Baird also said Israel had "apparently willfully destroyed any capacity of the Palestinians to rebuild their own infrastructure."
Baird called for President Obama to re-evaluate U.S. aid to Israel. But is there even a chance of that? Senator John Kerry, who also visited Israel, has made no such re-evaluation calls. He is taking what has always been the U.S.'s No Questions Asked Stance when it comes to Israel. He strongly defended Israel's right to defend itself against the rocket attacks, affirmed that the U.S.'s stance against Hamas remains firmly unchanged, and put the onus of stopping the violence squarely on the head of Hamas - and by implication, the Gazans and the Palestinians.
Kerry represents the status quo, and those who dare to speak or even hint at any change in attitude towards Israel to something more, shall we say, critical, or requiring some kind of responsibility or accountability on the part of Israel... this is blasphemy. It's beyond unpatriotic. It's heresy. Israel is our sacred cow, our holy grail. It is not a nation, it's a cause. And the cause is Zionism.
Without going into what Zionism is or is not, or arguing about its merits or lack thereof, the net result is the creation of Israel as a welfare client of the United States. Without U.S. aid, Israel would be in deep trouble. Even its GDP is all tied up in that aid. In reviewing the figures below, bear in mind the huge difference in size between Israel and the United States. Israel's population is about 7,337,000, of whom about 5,542,000 are Jews.
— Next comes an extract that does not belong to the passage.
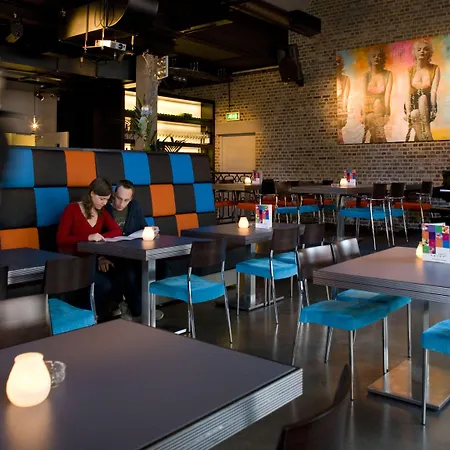 מלון Boetiek Plein Vijf 4*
That latter statistic is important, because Arabs are second-class citizens in Israel, and U.S. aid is not really directed at them, and they are generally harassed by the government. Compare that with New York City, which has over 8 million people.
Ifamericansknew has some statistics on this, giving a total (for all time) conservative estimate on U.S. aid to Israel at about $114 Billion.
It must be emphasized that this analysis is a conservative, defensible accounting of U.S. direct aid to Israel, NOT of Israel’s cost to the U.S. or the American taxpayer, nor of the benefits to Israel of U.S. aid. The distinction is important, because the indirect or consequential costs suffered by the U.S. as a result of its blind support for Israel exceed by many times the substantial amount of direct aid to Israel. (See, for example, the late Thomas R. Stauffer’s article in the June 2003 Washington Report, “The Costs to American Taxpayers of the Israeli-Palestinian Conflict: $3 Trillion.”)
A case can be made that among the "incidental" costs of U.S. support for Israel is in the Iraq War, which is considered in the Arab world to have been waged largely at Israel's behest, protests and explanations to the contrary notwithstanding. I personally think oil had something to do with it, not to mention Haliburton. But indeed Israel fits into the U.S. picture of power in the world, using Israel as a military "hitman", a perennial excuse and threat to weild against the Muslim and Arab world.
And there are still more "costs":
Among the real benefits to Israel that are not direct costs to the U.S. taxpayer are the early cash transfer of economic and military aid, in-country spending of a portion of military aid, and loan guarantees. The U.S. gives Israel all of its economic and military aid directly in cash during the first month of the fiscal year, with no accounting required of how the funds are used. Also, in contrast with other countries receiving military aid, who must purchase through the DOD, Israel deals directly with the U.S. companies, with no DOD review. Furthermore, Israel is allowed to spend 26.3 percent of each year’s military aid in Israel (no other recipient of U.S. military aid gets this benefit), which has resulted in an increasingly sophisticated Israeli defense industry. As a result, Israel has become a major world arms exporter; the Congressional Research Service (CRS) reports that in 2006 Israel was the world’s ninth leading supplier of arms worldwide, earning $4.4 billion from defense sales.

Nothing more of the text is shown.